Tracing Roadmap¶

"A trace is the story of one request — told by every service that touched it."

This roadmap is about distributed tracing as it appears inside the code — instrumenting spans, propagating context, choosing what's a span vs a log, and avoiding the "trace everything" trap. It's the third pillar of observability alongside Logging and Metrics.

Looking for the system-design angle (collector topology, storage backends, Jaeger / Tempo / Honeycomb architecture)? See Backend → Distributed Tracing.

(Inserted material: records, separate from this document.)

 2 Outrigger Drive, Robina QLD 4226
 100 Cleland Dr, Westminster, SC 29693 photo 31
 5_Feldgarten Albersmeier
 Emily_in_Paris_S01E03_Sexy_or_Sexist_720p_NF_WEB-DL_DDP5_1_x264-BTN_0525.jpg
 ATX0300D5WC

This section is the language-level discipline — what your code emits, how spans are linked, how context crosses an await or a thread boundary.

Why a Dedicated Roadmap¶

Distributed tracing is the diagnostic tool that changes how you read code:

Logs tell you what each service said.
Metrics tell you the aggregate shape.
Traces tell you the actual path one request took, end-to-end, including the slow span you didn't suspect.

The hard parts aren't the SDK — they're context propagation across async boundaries, deciding what's worth a span, and sampling without losing the interesting traces.

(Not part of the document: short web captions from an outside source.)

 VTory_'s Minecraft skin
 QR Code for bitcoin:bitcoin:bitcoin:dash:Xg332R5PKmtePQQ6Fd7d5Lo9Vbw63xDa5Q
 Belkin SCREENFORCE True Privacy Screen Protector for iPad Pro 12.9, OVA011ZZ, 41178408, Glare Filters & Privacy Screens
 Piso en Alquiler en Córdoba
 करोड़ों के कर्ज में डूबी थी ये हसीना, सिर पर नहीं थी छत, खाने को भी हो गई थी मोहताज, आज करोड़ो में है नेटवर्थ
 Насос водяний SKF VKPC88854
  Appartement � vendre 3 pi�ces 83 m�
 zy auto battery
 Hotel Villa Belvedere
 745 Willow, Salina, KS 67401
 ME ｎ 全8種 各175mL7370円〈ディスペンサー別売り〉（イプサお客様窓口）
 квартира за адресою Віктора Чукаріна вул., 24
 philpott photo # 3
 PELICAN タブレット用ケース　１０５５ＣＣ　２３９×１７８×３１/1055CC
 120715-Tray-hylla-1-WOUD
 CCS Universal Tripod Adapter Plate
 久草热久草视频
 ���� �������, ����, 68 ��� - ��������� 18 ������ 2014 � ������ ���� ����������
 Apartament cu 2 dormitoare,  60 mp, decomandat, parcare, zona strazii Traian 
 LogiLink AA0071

Roadmap	Question it answers
Logging	What did each service say?
Metrics	What does it look like at aggregate?
Tracing (this)	What path did this one request take?

Sections¶

#	Topic	Focus
01	Trace, Span, Context	The data model; parent/child, root span, span attributes/events
02	OpenTelemetry SDK	The cross-language standard; tracer, span, propagator, exporter
03	Context Propagation	W3C Trace Context (`traceparent` header), B3, baggage; how a trace stays whole across services
04	Propagation Across Async / Threads	Why a context disappears across `await` or a goroutine; explicit vs implicit propagation
05	Manual Instrumentation	When to start a span, naming conventions, attributes vs events
06	Auto-Instrumentation	Java agents, Python `opentelemetry-instrument`, what they catch and miss
07	Sampling	Head-based vs tail-based sampling; rate-based vs always-on for errors
08	Span Events vs Logs	When a log should be an event on a span; the unifying trend
09	Linking Spans to Logs & Metrics	Trace ID in logs, exemplars on metrics, correlated views
10	Debugging With Traces	Reading a trace, identifying slow spans, missing spans, broken propagation
11	Cost & Overhead	Per-span allocation cost, exporter batch tuning, tail-sampling complexity
12	Anti-patterns	"Trace every function," missing parent links, log-spam-as-spans, leaking PII into attributes

Languages¶

Examples in Go (go.opentelemetry.io/otel), Java (OpenTelemetry SDK, Java agent), Python (opentelemetry-sdk, automatic instrumentation), Node (@opentelemetry/*), Rust (tracing + tracing-opentelemetry).

Status¶

⏳ Structure defined; content pending.

References¶

Distributed Tracing in Practice — Parker, Spoonhower, Mace, Sigelman
Mastering Distributed Tracing — Yuri Shkuro (the Jaeger author)
OpenTelemetry Specification — opentelemetry.io
Dapper, a Large-Scale Distributed Systems Tracing Infrastructure — Sigelman et al. (the Google paper that started it all)

Project Context¶

Part of the Senior Project — a personal effort to consolidate the essential knowledge of software engineering in one place.